Zuckerman is known to be a mentor to and close associate of Daniel M. Snyder, owner of the NFL football team Washington Redskins, and has been a financial backer to Snyder's Business ventures (CampusUSA magazine), and was a shareholder and Director in Snyder Communications Inc., a marketing services Business which was taken over in 2000 (by Havas Advertising).
Between 2001 and 2003, Zuckerman was the chairman of the Conference of Presidents of Major American Jewish Organizations. Typically, the nominating committee attempts to choose a person who is both respected and uncontroversial. However, Zuckerman was widely opposed by liberal Jewish factions. Nonetheless, Zuckerman was eventually elected and served a full term.
In their 2006 paper The Israel Lobby and U.S. Foreign Policy, John Mearsheimer, political science professor at the University of Chicago, and Stephen Walt, academic dean of the Kennedy School of Government at Harvard University, named Zuckerman a member of the media wing of the "Israeli lobby" in the United States. Zuckerman replied: "I would just say this: The allegations of this disproportionate influence of the Jewish community remind me of the 92-year-old man sued in a paternity suit. He said he was so proud, he pleaded guilty."
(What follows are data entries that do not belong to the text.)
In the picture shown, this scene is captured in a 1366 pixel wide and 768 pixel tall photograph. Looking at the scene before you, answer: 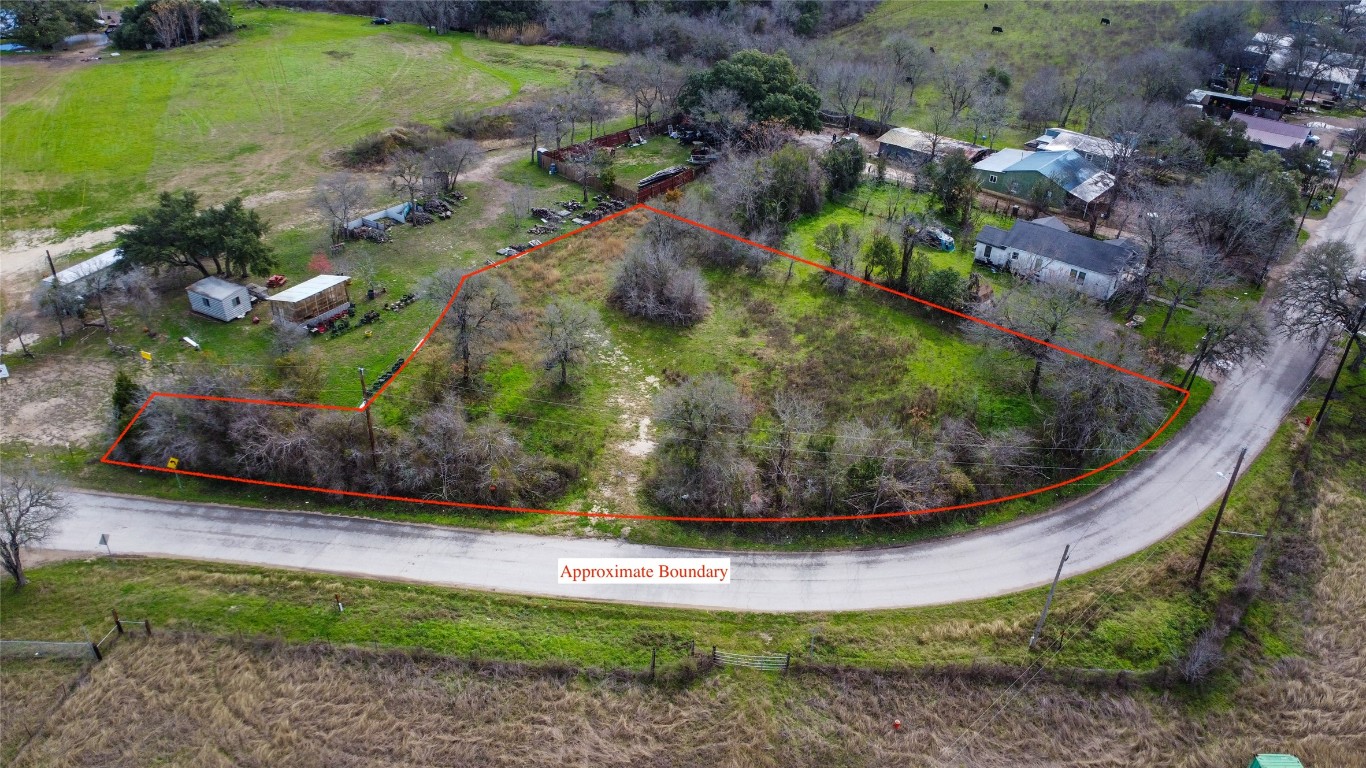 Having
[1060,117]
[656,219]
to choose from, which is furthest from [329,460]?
[1060,117]

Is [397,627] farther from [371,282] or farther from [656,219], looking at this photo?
[656,219]

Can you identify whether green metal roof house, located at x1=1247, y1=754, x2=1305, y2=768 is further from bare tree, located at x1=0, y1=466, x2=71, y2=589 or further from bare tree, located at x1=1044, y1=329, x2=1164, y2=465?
bare tree, located at x1=0, y1=466, x2=71, y2=589

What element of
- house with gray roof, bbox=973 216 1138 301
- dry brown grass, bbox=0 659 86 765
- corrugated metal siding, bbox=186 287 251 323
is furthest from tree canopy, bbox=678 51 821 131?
dry brown grass, bbox=0 659 86 765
On April 6, 2009, Zuckerman filed a lawsuit against J. Ezra Merkin and his Gabriel Capital LP. The lawsuit claims fraud and negligent representation and seeks unspecified punitive damages. Merkin had a “huge incentive not to disclose Madoff’s role, especially to Investors like Zuckerman” because he charged clients “substantial fees” to manage both his Ascot Partners LP and Gabriel Capital. The lawsuit claims over US$40 million in losses for placing his assets with Bernard L. Madoff Investment Securities LLC without his knowledge. Zuckerman invested US$25 million with Merkin’s Ascot Fund in 2006 through his Charitable Remainder Trust or CRT Investments Limited and personally invested US$15 million with Merkin’s Gabriel Capital. Merkin charged Zuckerman a 1.5% fee and imposed significant “lock-up restrictions on redemptions", but his agreement with Gabriel Capital contains an arbitration clause against Merkin for his lost personal US$15 million investment. The lawsuit also named the accounting firm BDO Seidman LLP and a related entity called BDO Tortuga as defendants.
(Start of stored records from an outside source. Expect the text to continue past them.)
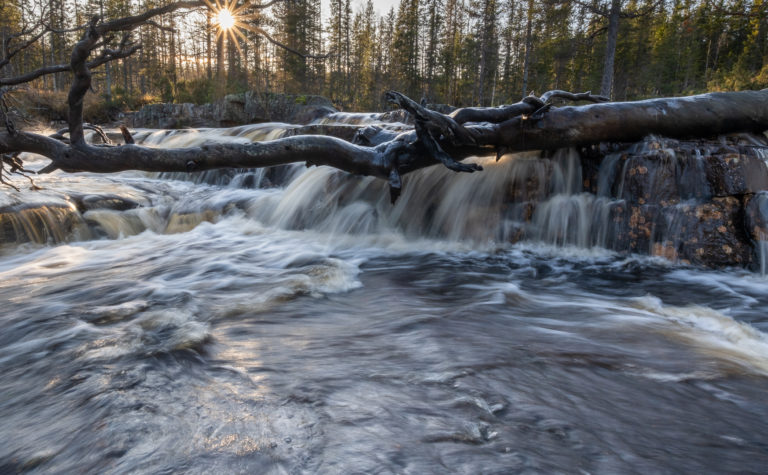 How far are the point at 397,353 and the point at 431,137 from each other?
2.43 meters

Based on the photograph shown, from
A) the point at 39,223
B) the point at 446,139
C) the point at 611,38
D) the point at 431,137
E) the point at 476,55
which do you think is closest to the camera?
the point at 431,137

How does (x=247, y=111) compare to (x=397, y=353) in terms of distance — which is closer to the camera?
(x=397, y=353)

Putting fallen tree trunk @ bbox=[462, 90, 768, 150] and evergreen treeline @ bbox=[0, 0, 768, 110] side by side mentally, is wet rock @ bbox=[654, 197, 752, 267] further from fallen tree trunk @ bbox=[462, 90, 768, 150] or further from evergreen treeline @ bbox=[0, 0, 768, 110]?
evergreen treeline @ bbox=[0, 0, 768, 110]

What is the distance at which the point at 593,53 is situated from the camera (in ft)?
123

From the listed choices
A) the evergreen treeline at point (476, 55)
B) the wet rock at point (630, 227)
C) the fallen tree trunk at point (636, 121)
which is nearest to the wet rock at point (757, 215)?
the wet rock at point (630, 227)

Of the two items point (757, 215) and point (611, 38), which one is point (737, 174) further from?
point (611, 38)

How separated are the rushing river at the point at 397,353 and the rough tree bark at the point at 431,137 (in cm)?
70

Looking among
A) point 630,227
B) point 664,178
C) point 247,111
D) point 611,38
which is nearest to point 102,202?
point 630,227

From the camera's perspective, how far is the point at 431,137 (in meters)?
4.30

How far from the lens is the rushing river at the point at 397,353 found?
1.73 metres

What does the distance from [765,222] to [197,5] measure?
5.45m

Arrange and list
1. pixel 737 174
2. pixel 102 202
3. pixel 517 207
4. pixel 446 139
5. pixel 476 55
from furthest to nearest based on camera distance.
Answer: pixel 476 55 < pixel 102 202 < pixel 517 207 < pixel 446 139 < pixel 737 174

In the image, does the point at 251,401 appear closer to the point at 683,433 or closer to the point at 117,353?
the point at 117,353

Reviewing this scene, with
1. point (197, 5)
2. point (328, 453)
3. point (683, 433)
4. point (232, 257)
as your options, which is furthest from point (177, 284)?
point (683, 433) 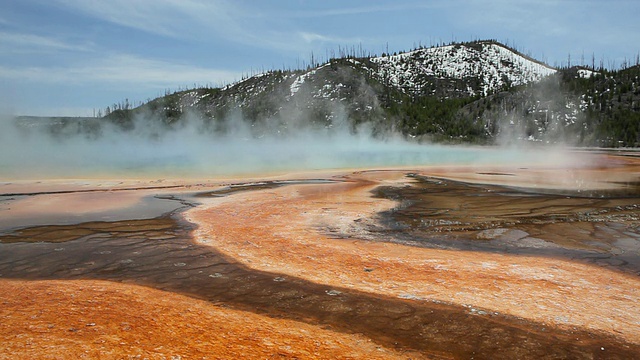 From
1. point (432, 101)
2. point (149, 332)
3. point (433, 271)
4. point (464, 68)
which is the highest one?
point (464, 68)

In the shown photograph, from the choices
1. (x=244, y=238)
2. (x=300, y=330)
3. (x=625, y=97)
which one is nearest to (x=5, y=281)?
(x=244, y=238)

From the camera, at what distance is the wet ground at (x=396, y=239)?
4.61 m

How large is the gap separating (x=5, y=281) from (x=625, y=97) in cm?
10567

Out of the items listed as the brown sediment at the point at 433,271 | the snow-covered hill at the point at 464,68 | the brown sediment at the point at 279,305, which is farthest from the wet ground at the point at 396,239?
the snow-covered hill at the point at 464,68

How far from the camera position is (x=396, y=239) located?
9195 mm

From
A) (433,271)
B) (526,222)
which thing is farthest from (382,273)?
(526,222)

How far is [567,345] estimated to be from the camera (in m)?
4.46

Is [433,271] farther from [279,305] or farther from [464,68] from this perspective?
[464,68]

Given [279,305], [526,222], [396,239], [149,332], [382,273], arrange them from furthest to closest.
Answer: [526,222] → [396,239] → [382,273] → [279,305] → [149,332]

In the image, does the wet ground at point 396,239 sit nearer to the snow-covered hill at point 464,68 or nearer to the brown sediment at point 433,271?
the brown sediment at point 433,271

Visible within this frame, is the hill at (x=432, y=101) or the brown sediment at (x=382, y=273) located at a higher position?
the hill at (x=432, y=101)

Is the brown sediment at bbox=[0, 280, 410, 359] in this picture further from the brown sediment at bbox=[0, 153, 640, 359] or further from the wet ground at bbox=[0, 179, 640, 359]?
the wet ground at bbox=[0, 179, 640, 359]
However, on March 2, 2010, he declined to run, citing family and work obligations.
In December 2012, Zuckerman pledged $200 million to endow the Mortimer B. Zuckerman Mind Brain Behavior Institute at Columbia University.
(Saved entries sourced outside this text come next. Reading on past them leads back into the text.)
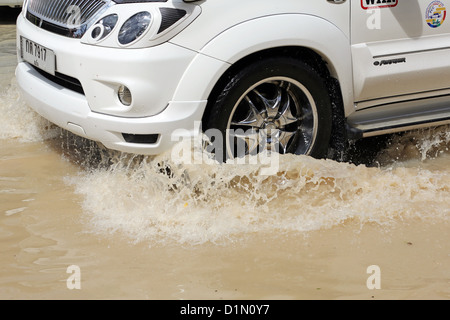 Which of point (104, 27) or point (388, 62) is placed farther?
point (388, 62)

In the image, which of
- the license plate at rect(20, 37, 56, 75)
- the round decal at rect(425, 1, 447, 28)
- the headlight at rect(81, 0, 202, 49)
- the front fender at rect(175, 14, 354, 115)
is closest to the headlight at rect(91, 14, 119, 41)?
the headlight at rect(81, 0, 202, 49)

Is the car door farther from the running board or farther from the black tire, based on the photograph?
the black tire

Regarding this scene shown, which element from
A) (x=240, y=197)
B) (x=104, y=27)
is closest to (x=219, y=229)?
(x=240, y=197)

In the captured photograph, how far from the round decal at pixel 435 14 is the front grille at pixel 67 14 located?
1.97 metres

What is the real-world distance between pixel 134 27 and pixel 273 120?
102 cm

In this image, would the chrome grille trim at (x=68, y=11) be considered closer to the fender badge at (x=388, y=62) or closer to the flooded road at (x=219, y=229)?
the flooded road at (x=219, y=229)

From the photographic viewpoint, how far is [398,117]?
4.66 meters

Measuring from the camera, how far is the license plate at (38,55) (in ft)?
14.0

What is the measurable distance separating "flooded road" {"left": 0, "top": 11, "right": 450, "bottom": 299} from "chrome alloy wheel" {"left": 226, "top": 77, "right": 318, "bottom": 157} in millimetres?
158

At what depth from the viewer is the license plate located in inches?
168

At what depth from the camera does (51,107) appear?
14.0 ft

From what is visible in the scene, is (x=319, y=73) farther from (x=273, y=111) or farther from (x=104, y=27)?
(x=104, y=27)

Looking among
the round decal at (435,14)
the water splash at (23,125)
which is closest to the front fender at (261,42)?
the round decal at (435,14)

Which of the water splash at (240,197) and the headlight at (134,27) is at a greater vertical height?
the headlight at (134,27)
On the November 28, 2014, episode of The McLaughlin Group, Zuckerman said he was a vegan and has been since 2008, confirming what in November 2010 had been published in Bloomberg Businessweek, "The Rise of the Power Vegans." Zuckerman last appeared on The McLaughlin Group on July 31, 2015, making a strong case for Texas governor Rick Perry’s presidential run during that episode. A day later Zuckerman issued a statement that he would not be appearing at the East Hampton Artists-Writers softball game, the first time he would miss the game since 1993. The same month, the New York Post reported he turned over the sale of the paper to his nephews and has commented minimally on its dissolution.